• **Task objective**
Be exact. Print each record as it stands.

====== Source information

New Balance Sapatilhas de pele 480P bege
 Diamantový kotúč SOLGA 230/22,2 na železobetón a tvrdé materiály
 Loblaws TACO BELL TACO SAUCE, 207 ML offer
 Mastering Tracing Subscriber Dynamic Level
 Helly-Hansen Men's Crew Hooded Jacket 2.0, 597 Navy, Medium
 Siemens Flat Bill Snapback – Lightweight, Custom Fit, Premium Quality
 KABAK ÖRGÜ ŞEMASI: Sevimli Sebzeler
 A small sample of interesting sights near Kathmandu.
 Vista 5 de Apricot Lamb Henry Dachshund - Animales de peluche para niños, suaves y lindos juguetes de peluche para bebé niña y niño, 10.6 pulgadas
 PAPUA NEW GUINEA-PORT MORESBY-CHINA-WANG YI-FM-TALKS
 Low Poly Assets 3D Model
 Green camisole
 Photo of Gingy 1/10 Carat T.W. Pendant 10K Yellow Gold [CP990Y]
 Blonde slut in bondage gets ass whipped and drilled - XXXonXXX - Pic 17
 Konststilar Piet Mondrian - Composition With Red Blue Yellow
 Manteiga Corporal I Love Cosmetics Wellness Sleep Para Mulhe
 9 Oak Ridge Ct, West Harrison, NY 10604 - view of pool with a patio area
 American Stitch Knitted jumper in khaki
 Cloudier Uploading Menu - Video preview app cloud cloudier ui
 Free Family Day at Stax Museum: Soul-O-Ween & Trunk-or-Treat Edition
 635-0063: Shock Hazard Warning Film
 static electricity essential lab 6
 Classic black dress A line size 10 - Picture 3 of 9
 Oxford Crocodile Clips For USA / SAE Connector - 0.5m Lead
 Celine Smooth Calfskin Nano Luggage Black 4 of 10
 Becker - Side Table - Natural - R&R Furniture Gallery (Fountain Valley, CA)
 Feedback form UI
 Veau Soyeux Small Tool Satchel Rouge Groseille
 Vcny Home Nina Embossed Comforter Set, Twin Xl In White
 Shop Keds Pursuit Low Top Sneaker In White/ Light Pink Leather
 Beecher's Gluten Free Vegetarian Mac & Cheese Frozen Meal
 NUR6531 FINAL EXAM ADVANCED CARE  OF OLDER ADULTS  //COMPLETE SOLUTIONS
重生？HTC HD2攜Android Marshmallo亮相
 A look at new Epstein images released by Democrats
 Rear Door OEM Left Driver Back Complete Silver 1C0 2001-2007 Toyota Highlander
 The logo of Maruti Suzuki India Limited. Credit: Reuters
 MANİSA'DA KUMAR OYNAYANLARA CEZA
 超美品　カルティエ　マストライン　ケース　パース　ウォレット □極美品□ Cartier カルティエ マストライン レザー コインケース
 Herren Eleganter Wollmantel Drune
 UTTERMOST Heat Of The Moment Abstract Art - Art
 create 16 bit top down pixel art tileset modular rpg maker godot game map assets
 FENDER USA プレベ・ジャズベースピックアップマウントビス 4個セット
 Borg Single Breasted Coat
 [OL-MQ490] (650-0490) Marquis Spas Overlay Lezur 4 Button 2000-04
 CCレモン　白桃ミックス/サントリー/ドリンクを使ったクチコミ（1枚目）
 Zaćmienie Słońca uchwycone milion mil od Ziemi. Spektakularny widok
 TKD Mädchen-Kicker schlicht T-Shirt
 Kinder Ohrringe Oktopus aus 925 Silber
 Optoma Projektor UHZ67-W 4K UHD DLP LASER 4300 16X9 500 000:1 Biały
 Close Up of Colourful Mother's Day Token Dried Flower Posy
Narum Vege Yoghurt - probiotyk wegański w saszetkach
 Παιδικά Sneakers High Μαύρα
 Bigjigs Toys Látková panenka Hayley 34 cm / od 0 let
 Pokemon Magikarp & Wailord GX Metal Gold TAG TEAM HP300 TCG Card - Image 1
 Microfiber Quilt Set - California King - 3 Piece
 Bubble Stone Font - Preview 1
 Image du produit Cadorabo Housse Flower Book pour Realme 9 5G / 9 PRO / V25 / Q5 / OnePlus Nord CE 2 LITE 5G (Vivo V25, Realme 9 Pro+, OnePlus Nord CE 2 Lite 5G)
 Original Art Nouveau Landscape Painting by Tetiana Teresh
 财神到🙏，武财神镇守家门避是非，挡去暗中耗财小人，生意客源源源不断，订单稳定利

============

• **Result**
New Balance Sapatilhas de pele 480P bege
 Diamantový kotúč SOLGA 230/22,2 na železobetón a tvrdé materiály
 Loblaws TACO BELL TACO SAUCE, 207 ML offer
 Mastering Tracing Subscriber Dynamic Level
 Helly-Hansen Men's Crew Hooded Jacket 2.0, 597 Navy, Medium
 Siemens Flat Bill Snapback – Lightweight, Custom Fit, Premium Quality
 KABAK ÖRGÜ ŞEMASI: Sevimli Sebzeler
 A small sample of interesting sights near Kathmandu.
 Vista 5 de Apricot Lamb Henry Dachshund - Animales de peluche para niños, suaves y lindos juguetes de peluche para bebé niña y niño, 10.6 pulgadas
 PAPUA NEW GUINEA-PORT MORESBY-CHINA-WANG YI-FM-TALKS
 Low Poly Assets 3D Model
 Green camisole
 Photo of Gingy 1/10 Carat T.W. Pendant 10K Yellow Gold [CP990Y]
 Blonde slut in bondage gets ass whipped and drilled - XXXonXXX - Pic 17
 Konststilar Piet Mondrian - Composition With Red Blue Yellow
 Manteiga Corporal I Love Cosmetics Wellness Sleep Para Mulhe
 9 Oak Ridge Ct, West Harrison, NY 10604 - view of pool with a patio area
 American Stitch Knitted jumper in khaki
 Cloudier Uploading Menu - Video preview app cloud cloudier ui
 Free Family Day at Stax Museum: Soul-O-Ween & Trunk-or-Treat Edition
 635-0063: Shock Hazard Warning Film
 static electricity essential lab 6
 Classic black dress A line size 10 - Picture 3 of 9
 Oxford Crocodile Clips For USA / SAE Connector - 0.5m Lead
 Celine Smooth Calfskin Nano Luggage Black 4 of 10
 Becker - Side Table - Natural - R&R Furniture Gallery (Fountain Valley, CA)
 Feedback form UI
 Veau Soyeux Small Tool Satchel Rouge Groseille
 Vcny Home Nina Embossed Comforter Set, Twin Xl In White
 Shop Keds Pursuit Low Top Sneaker In White/ Light Pink Leather
 Beecher's Gluten Free Vegetarian Mac & Cheese Frozen Meal
 NUR6531 FINAL EXAM ADVANCED CARE  OF OLDER ADULTS  //COMPLETE SOLUTIONS
重生？HTC HD2攜Android Marshmallo亮相
 A look at new Epstein images released by Democrats
 Rear Door OEM Left Driver Back Complete Silver 1C0 2001-2007 Toyota Highlander
 The logo of Maruti Suzuki India Limited. Credit: Reuters
 MANİSA'DA KUMAR OYNAYANLARA CEZA
 超美品　カルティエ　マストライン　ケース　パース　ウォレット □極美品□ Cartier カルティエ マストライン レザー コインケース
 Herren Eleganter Wollmantel Drune
 UTTERMOST Heat Of The Moment Abstract Art - Art
 create 16 bit top down pixel art tileset modular rpg maker godot game map assets
 FENDER USA プレベ・ジャズベースピックアップマウントビス 4個セット
 Borg Single Breasted Coat
 [OL-MQ490] (650-0490) Marquis Spas Overlay Lezur 4 Button 2000-04
 CCレモン　白桃ミックス/サントリー/ドリンクを使ったクチコミ（1枚目）
 Zaćmienie Słońca uchwycone milion mil od Ziemi. Spektakularny widok
 TKD Mädchen-Kicker schlicht T-Shirt
 Kinder Ohrringe Oktopus aus 925 Silber
 Optoma Projektor UHZ67-W 4K UHD DLP LASER 4300 16X9 500 000:1 Biały
 Close Up of Colourful Mother's Day Token Dried Flower Posy
Narum Vege Yoghurt - probiotyk wegański w saszetkach
 Παιδικά Sneakers High Μαύρα
 Bigjigs Toys Látková panenka Hayley 34 cm / od 0 let
 Pokemon Magikarp & Wailord GX Metal Gold TAG TEAM HP300 TCG Card - Image 1
 Microfiber Quilt Set - California King - 3 Piece
 Bubble Stone Font - Preview 1
 Image du produit Cadorabo Housse Flower Book pour Realme 9 5G / 9 PRO / V25 / Q5 / OnePlus Nord CE 2 LITE 5G (Vivo V25, Realme 9 Pro+, OnePlus Nord CE 2 Lite 5G)
 Original Art Nouveau Landscape Painting by Tetiana Teresh
 财神到🙏，武财神镇守家门避是非，挡去暗中耗财小人，生意客源源源不断，订单稳定利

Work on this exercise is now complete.